Maqashid Syariah, Imam Syatibi, dan Era Modern

1,869 kali dibaca

Dalam filsafat hukum Islam, ada seorang ulama yang sejak lama saya kagumi pemikiran dan produk keilmuan yang dihasilkannya. Bahkan sejak semester 5 (awal saya mengenal ilmu beliau), saya sangat tertarik dengan corak pemikirannya. Ya, Imam Syatibi, pencetus sekaligus penggagas teori Maqashid Syariah, teori yang masih sangat relevan dengan era modernitas saat ini.

Imam Syatibi sendiri memiliki nama lengkap Abu Ishak Ibrahim bin Musa bin Muhammad al-Lakhmi al-Gharnati. Lahir di Granada (yang saat itu sangat dipengaruhi oleh peradaban Bani Umayah di Andalusia) pada tahun 730 Hijriyah, atau kalau dimasehikan 1328 Masehi. Syatibi sendiri adalah nama yang dinisbatkan pada suatu nama daerah bernama Syatibah, tempat ayah Imam Syatibhi dilahirkan.

Advertisements

Dalam bidang Ushul Fiqih, Imam Syathibi berguru kepada kepada Syekh Abu Abdillah Muhammad Ibn Ahmad al-Syarif al-Tilmisani pada 771 H. Imam Syathibi ketika berguru pada Syekh Abu Abdillah memiliki teman yang juga merupakan ilmuan muslim, yakni Ibnu Khaldun. Selanjutnya, beliau melanjutkan pengembaraan keilmuannya dalam Ushul Fiqih kepada Khatib Ibn Marzuq.

Ulama sepakat bahwa Imam Syatibhi merupakan tokoh dalam teori Maqashid Syariah. Alasannya adalah karena beliau yang secara sangat sistematis berhasil menyusun teori atau ilmu maqashid. Ilmu maqashid yang disusun oleh Imam Syathibi lebih sistematis dan lebih lengkap dari pada teori-teori yang ada sebelumnya.

Tidak hanya Ushul Fiqih, pengembaraan keilmuan Imam Syatibhi juga meluas terhadap ilmu-ilmu lain, seperti ilmu-ilmu gramatika bahasa Arab, Tafsir, Teologi Raional, hingga ilmu Filsafat dan Kalam. Keilmuan-keilmuan inilah yang bisa dipastikan membentuk kerangka berpikir Imam Syatibhi, yakni Maqashid Syariah.

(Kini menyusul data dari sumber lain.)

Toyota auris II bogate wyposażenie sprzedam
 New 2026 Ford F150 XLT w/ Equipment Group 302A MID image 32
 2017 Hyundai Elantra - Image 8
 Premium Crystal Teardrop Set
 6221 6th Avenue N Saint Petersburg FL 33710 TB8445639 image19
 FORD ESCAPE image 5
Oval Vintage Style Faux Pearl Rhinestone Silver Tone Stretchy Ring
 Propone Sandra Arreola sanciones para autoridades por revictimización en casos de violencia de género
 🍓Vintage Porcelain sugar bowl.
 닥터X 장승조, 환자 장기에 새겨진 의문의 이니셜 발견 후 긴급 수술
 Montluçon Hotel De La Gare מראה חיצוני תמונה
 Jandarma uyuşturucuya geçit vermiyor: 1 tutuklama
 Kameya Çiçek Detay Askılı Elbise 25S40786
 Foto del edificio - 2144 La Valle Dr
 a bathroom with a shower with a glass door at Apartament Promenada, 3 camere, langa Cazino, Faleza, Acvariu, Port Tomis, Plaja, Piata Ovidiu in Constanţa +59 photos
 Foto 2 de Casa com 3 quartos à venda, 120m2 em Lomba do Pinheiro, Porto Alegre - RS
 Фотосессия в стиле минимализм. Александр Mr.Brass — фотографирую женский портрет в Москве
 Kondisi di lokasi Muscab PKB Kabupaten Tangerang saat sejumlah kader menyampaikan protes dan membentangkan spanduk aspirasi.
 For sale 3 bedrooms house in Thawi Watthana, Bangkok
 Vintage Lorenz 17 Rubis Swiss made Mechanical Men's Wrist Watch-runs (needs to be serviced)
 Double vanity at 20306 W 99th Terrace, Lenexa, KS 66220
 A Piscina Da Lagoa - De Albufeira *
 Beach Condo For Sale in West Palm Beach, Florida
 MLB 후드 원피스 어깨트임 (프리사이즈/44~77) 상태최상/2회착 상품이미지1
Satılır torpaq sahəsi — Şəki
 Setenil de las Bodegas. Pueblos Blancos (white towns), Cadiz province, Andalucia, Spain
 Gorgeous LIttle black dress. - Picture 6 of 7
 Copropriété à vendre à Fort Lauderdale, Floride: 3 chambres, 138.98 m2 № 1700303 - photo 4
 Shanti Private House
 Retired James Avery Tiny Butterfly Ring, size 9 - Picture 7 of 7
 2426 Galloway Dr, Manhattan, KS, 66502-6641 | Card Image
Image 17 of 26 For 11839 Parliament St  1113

Pengembaraan keilmuannya itu pun juga dimentori oleh ulama-ulama besar dan pakar di bidangnya masing-masing. Misal, dalam ilmu Gramatika, Imam Syatibi belajar kepad Abu Abdillah al-Birri, ulama besar Bahasa Arab, setelah itu (setelah Imam al-Birri wafat), Imam Syatibi melanjutkan bergurunya kepada mufassir terkenal, Imam al-Syarif al-Sabti.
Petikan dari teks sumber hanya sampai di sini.